The governor’s office released a $348.9 billion total spending plan with a $2.9 billion structural deficit that prioritizes investments in the state’s education system as well as a slight increase in funding for Medi-Cal to account for rising costs and changes to federal funding.
The state is also budgeting $500 million towards its Homeless Housing, Assistance and Prevention Grant program (HAPP), which cities and counties use to pay for homeless shelters and other local services.
The program started in 2019 and since 2021, the state had budgeted $1 billion for that program. The state promised to allocate half a billion dollars to HAPP last year, after not putting any new money into the program for 2025-2026’s annual budget.
Graham Knaus, CEO of California Association of Counties, or CSAC, told CapRadio the January state budget does not adequately meet the moment.
“If the state does not step up, counties will certainly crumble,” Knaus said following the presentation.
Advocates for local governments across California, including those in Sacramento, say the governor’s plan does not do enough to sustain homelessness initiatives or properly respond to Trump administration threats to cut federal funding.
Homelessness
Sacramento’s county and city officials have expressed disappointment about the budget and funding for the years ahead.
Emily Halcon, director of Homelessness Services for Sacramento County, said the governor’s budget projections jeopardize work being done on the ground level.

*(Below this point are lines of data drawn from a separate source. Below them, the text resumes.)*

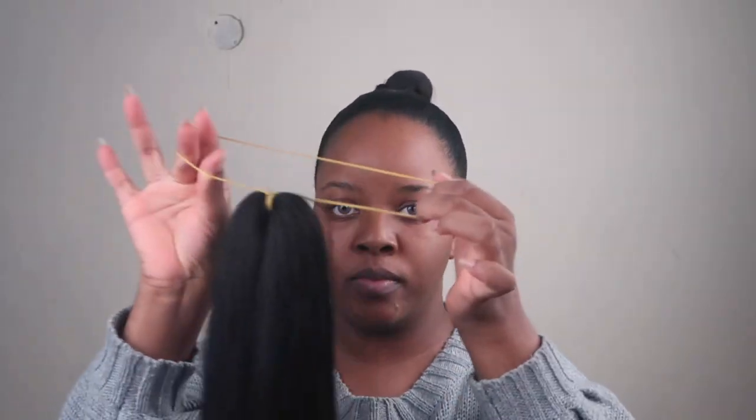Hey guys, welcome to my channel. My name is Belema Ogulu and we're just going to jump right into this video. I'm applying hair gel just in front of my head on my edges just to put everything in place so I'm not looking tacky. For this video we're going to need a pack of rubber bands, some bobby pins, and a pack of expression braiding hair or any braiding hair that you like. I used half a pack of the smaller expression braiding hair.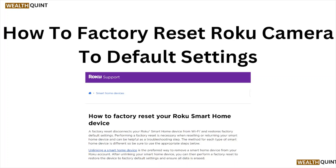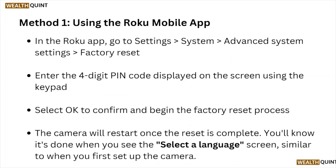Welcome back to the YouTube channel. In this video, we'll see how to factory reset the Roku camera to default settings. Method number one: using the Roku mobile app. In the Roku app, go to Settings → System → Advanced System Settings → Factory Reset. Enter the four-digit PIN code displayed on the screen using the keypad, then select OK to confirm and begin the factory reset process.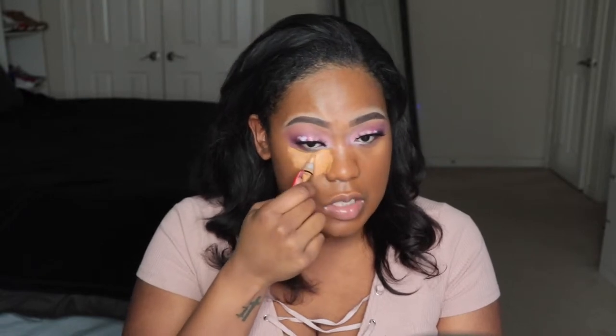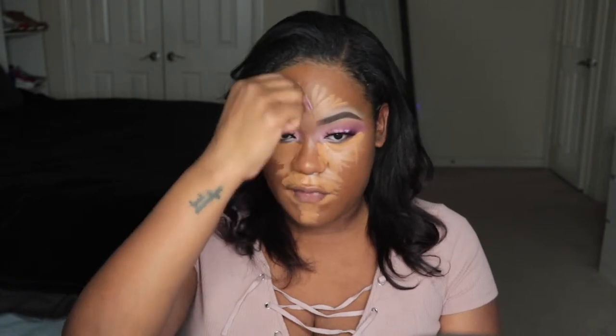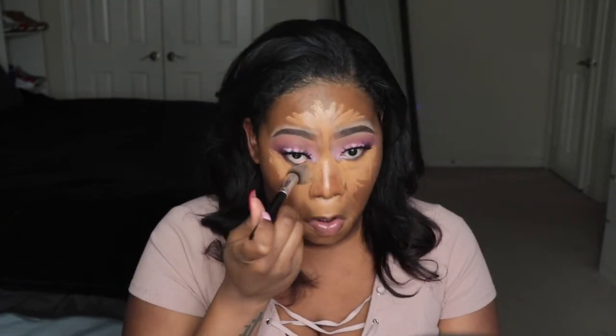So I'm going to highlight with concealer to sort of correct how dark this foundation is. I'll go a little bit wider than my normal highlight regions. Normally I would keep the triangles right in close, and my forehead fan wouldn't be this big either. But as you can see, using that much highlight evened out the color quite a bit.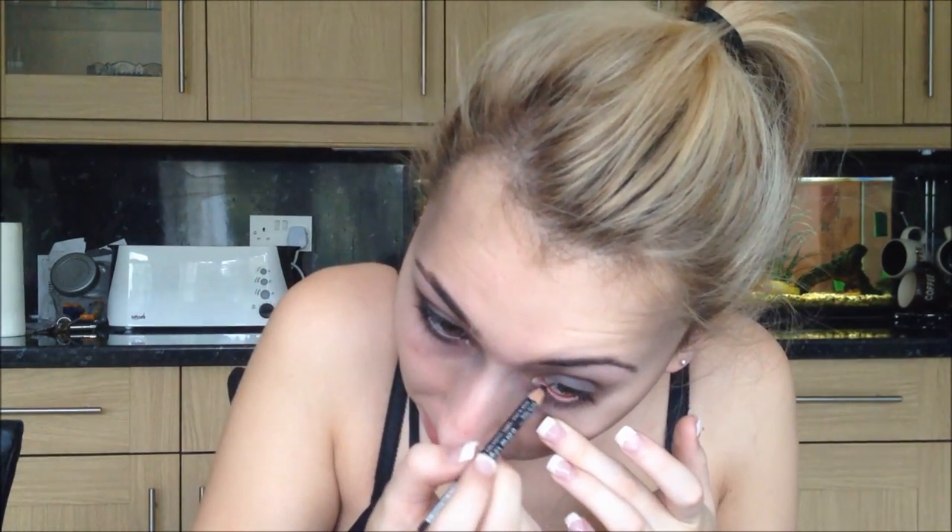Remember, the messier the better. Bring it underneath too. Now I'm going to take a black eyeliner and do my waterline and my tightline, just to make sure it's really really dark.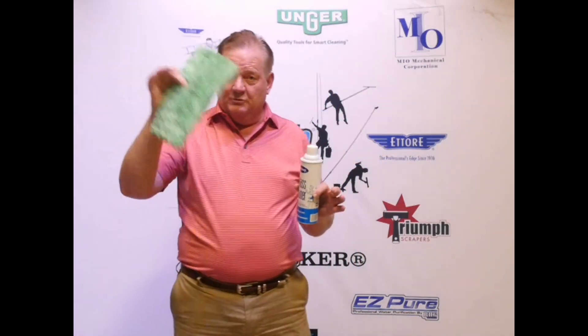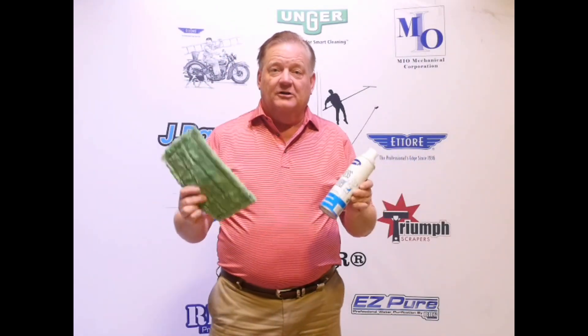So those entry doors where there's fingerprints, cut-ups, glass in a hard-to-reach area inside — a little bit of Sprayway, a lot of microfiber, and you're going to love the results.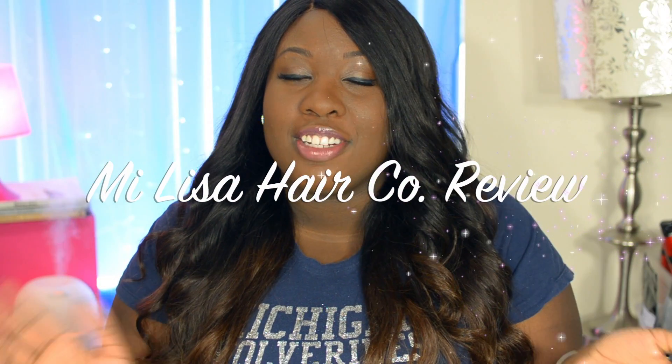Hi guys, it's Sheila, also known as OnyxBeauty1988 here on YouTube, and today I'm here to review my Mylisa Peruvian straight hair.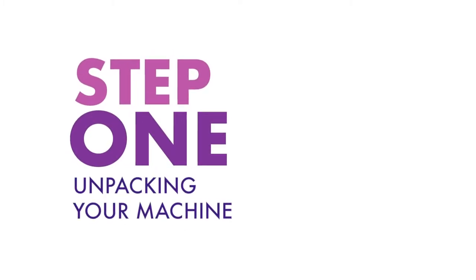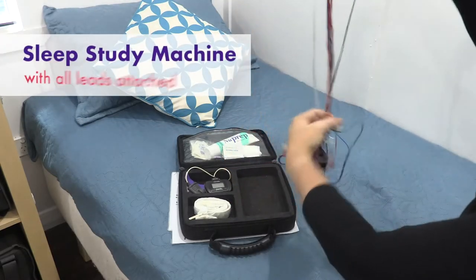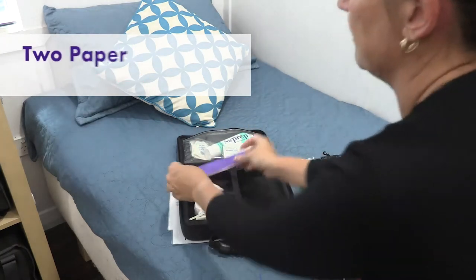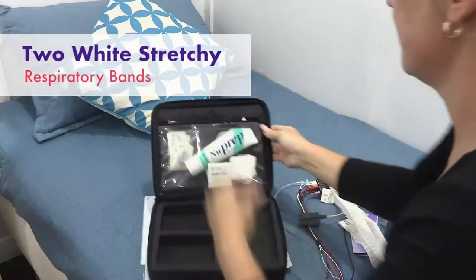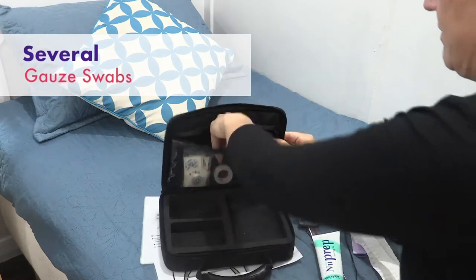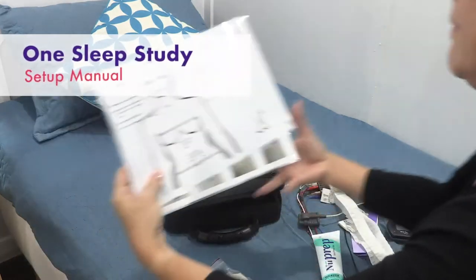Step one: unpacking your machine. Open your case. Inside you will find one sleep study machine with all leads, nasal cannula and black square abdominal cable attached; one wrist machine with a finger probe; two paper wristbands; two white stretchy respiratory bands; one tube of NuPrep; several alcohol wipes; several gauze swabs; one roll of medical tape; several electrodes — they look like sticky dots; and one sleep study setup manual.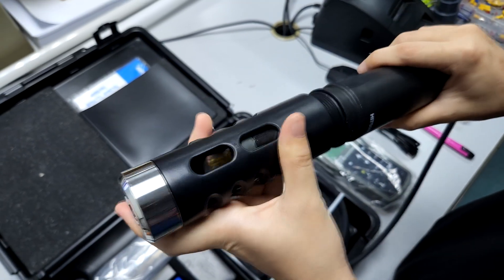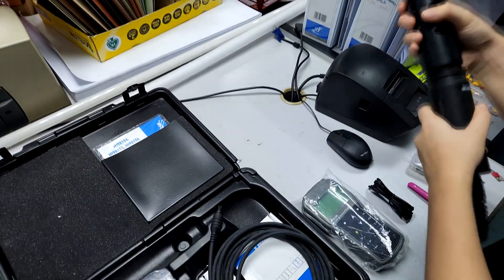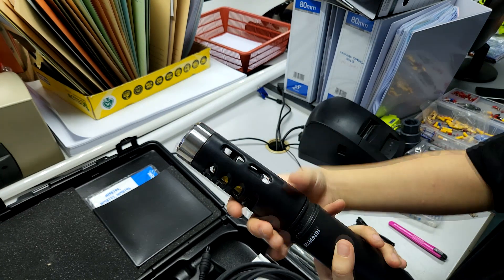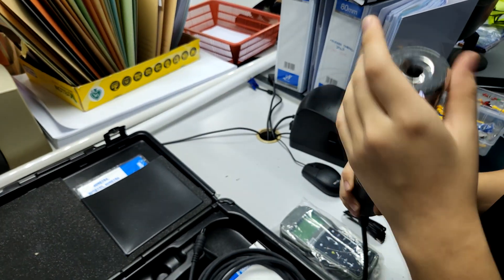At this stage, because this probe is slightly different, it does not directly connect into the probe body. We can actually replace this probe if it's damaged, unlike the previous unit which was soldered and connected internally. We can change it out if necessary.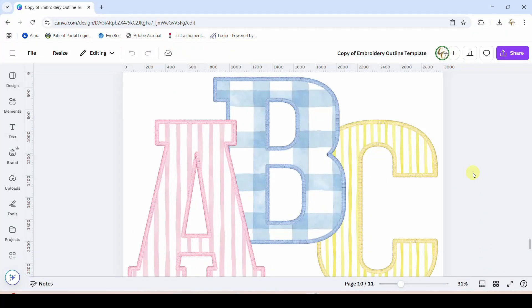Hey guys, Crystal here at Crystal's Crafties. Today's tutorial I want to show you how to use this embroidery effect Canva frame template that I am going to be putting out in my Etsy shop today.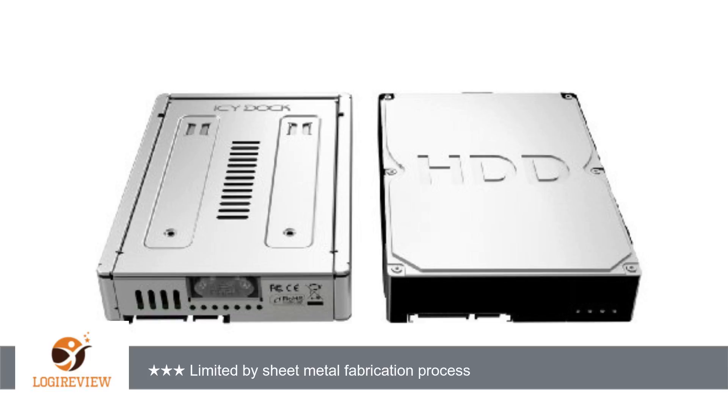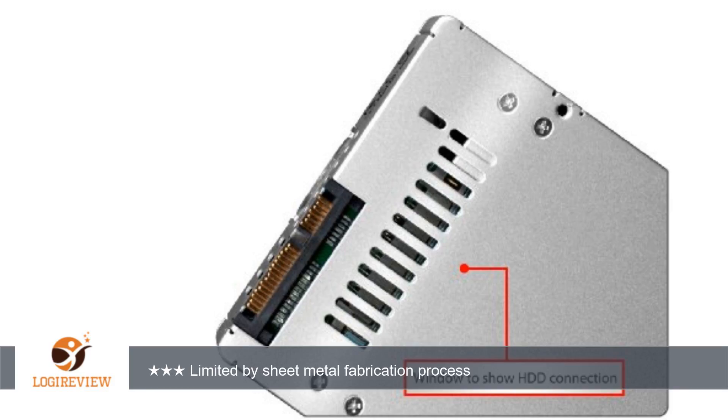Tightening them into this adapter made me hope I wasn't cross-threading the screws. There is a clever mechanical linkage that automatically slides your SSD into the connector fitting as you close the hinged lid of the adapter. Unfortunately, since the lid hides the evidence, you don't really know how well the SSD connector has been mated into the adapter's connector — all the way, or perhaps a millimeter shy?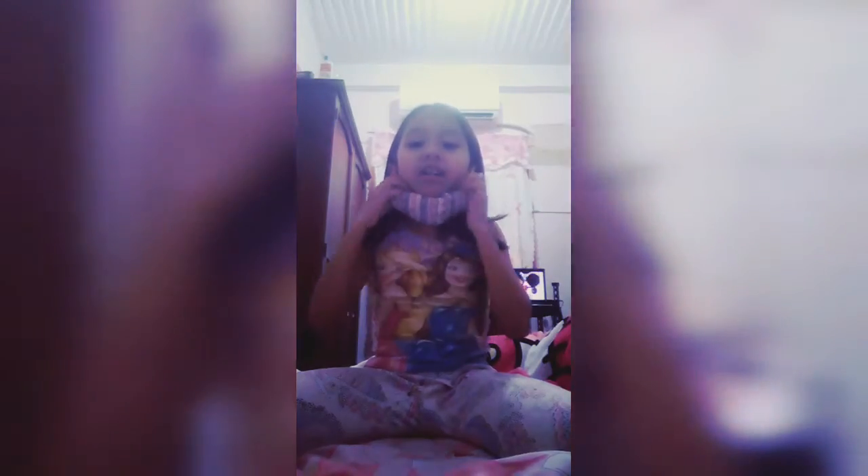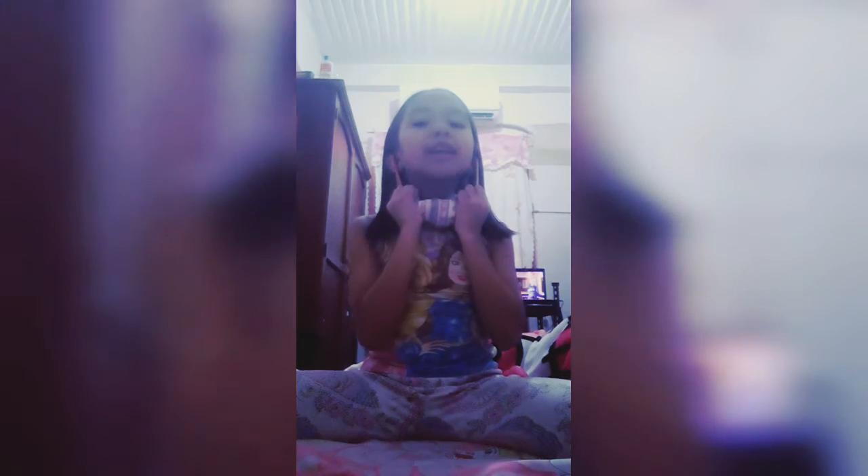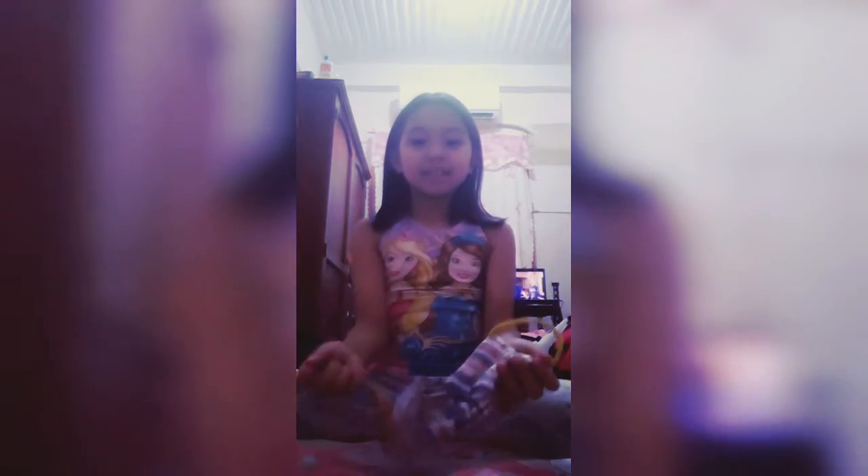Hi Vloggers, it's me Isabella and Shade. Today I'm going to do the mask.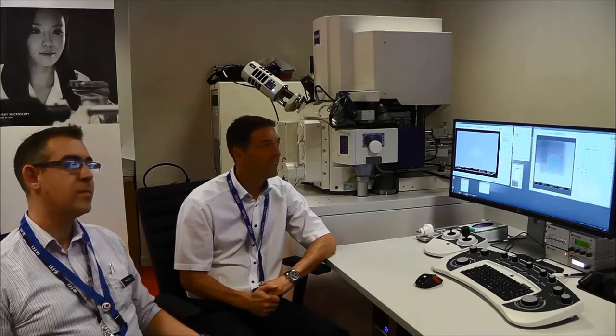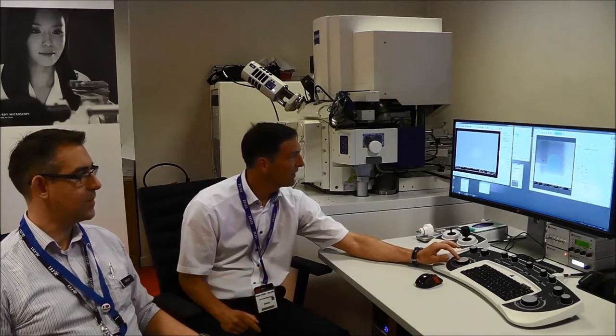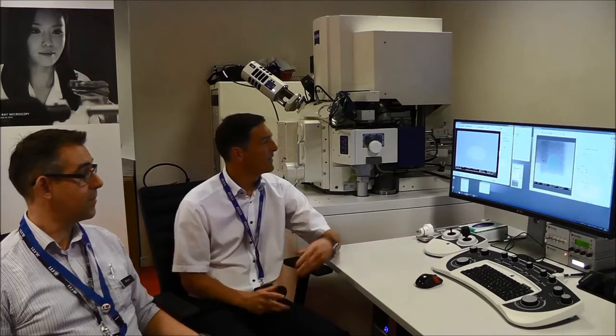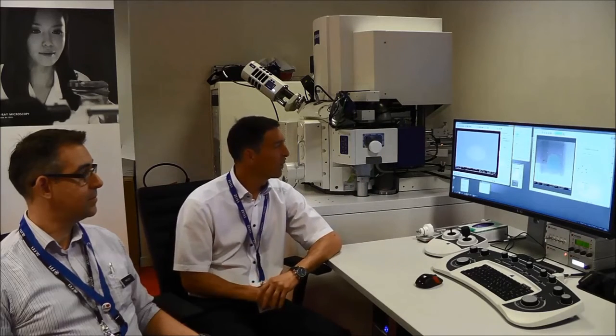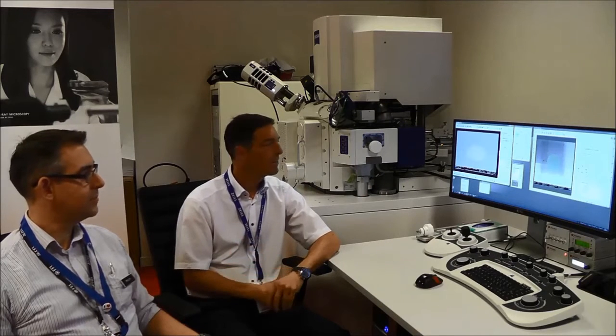At EMC this year we're showing the CrossBeam instrument. We have a CrossBeam 540 here and right now you can see the instrument working — we are milling just a spiral in a substrate, and while we are milling we're imaging live what we're doing. This is our standard mode of operation.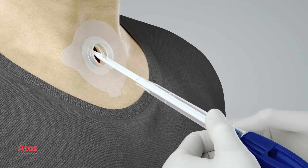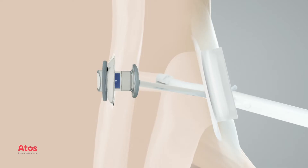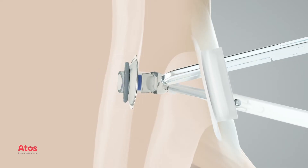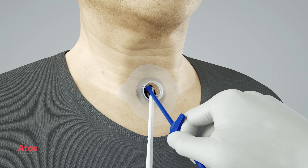Pull the loading tube and folding tools straight out from the puncture. Grasp the tracheal flange with a non-toothed hemostat. Pull and rotate the voice prosthesis into place. Brush the voice prosthesis with the Provox brush.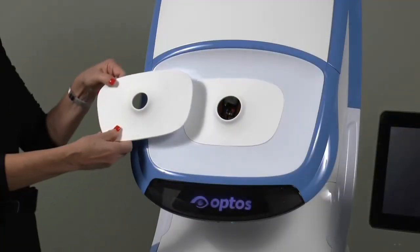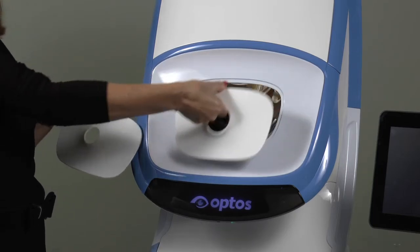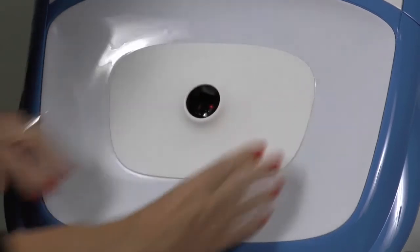If you have issues with lid and lash, you may choose to change the eyepiece. Each Daytona comes with a small and large eyepiece. To exchange, simply grasp between your thumb and index finger and gently pull to remove, then insert the other eyepiece and snap into place.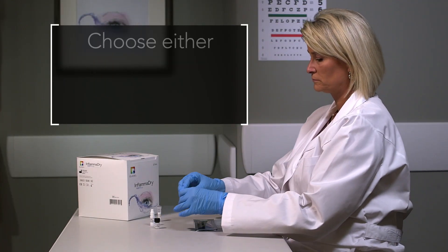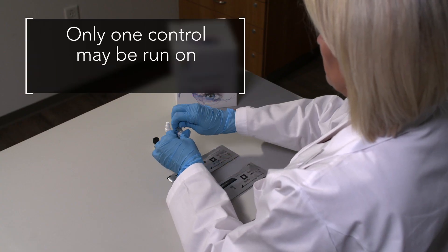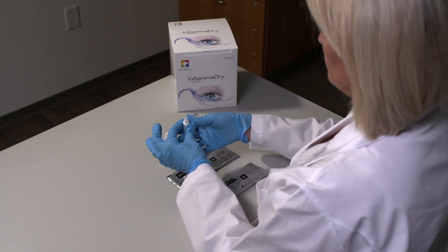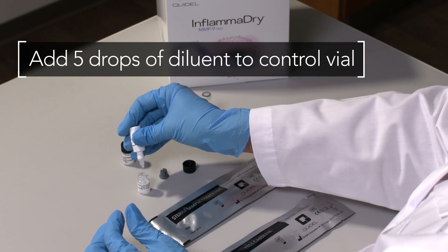Choose either the positive or negative external control vial. Only one control may be run on each InflammaDry test. Remove the cap and rubber stopper from the selected control vial and add five drops of diluent from the diluent bottle, one drop at a time.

“The state funds are critical,” Halcon said. “ We are just as committed as the state is and remain committed. This is the number one budget priority issue, and has been for the Board of Supervisors over the past couple years.”
Halcon told CapRadio the reduction in state funding will make it more difficult to sustain programs and provide enough resources to ensure those who need to stay at a shelter are able to.
“ Every year we commit HAPP dollars for the ongoing operations of these shelter beds,” Halcon said, referring to the state homelessness funding program. “If we have a reduction or a loss in HAPP, we’ll simply have to find different funds either locally or from other grant sources.”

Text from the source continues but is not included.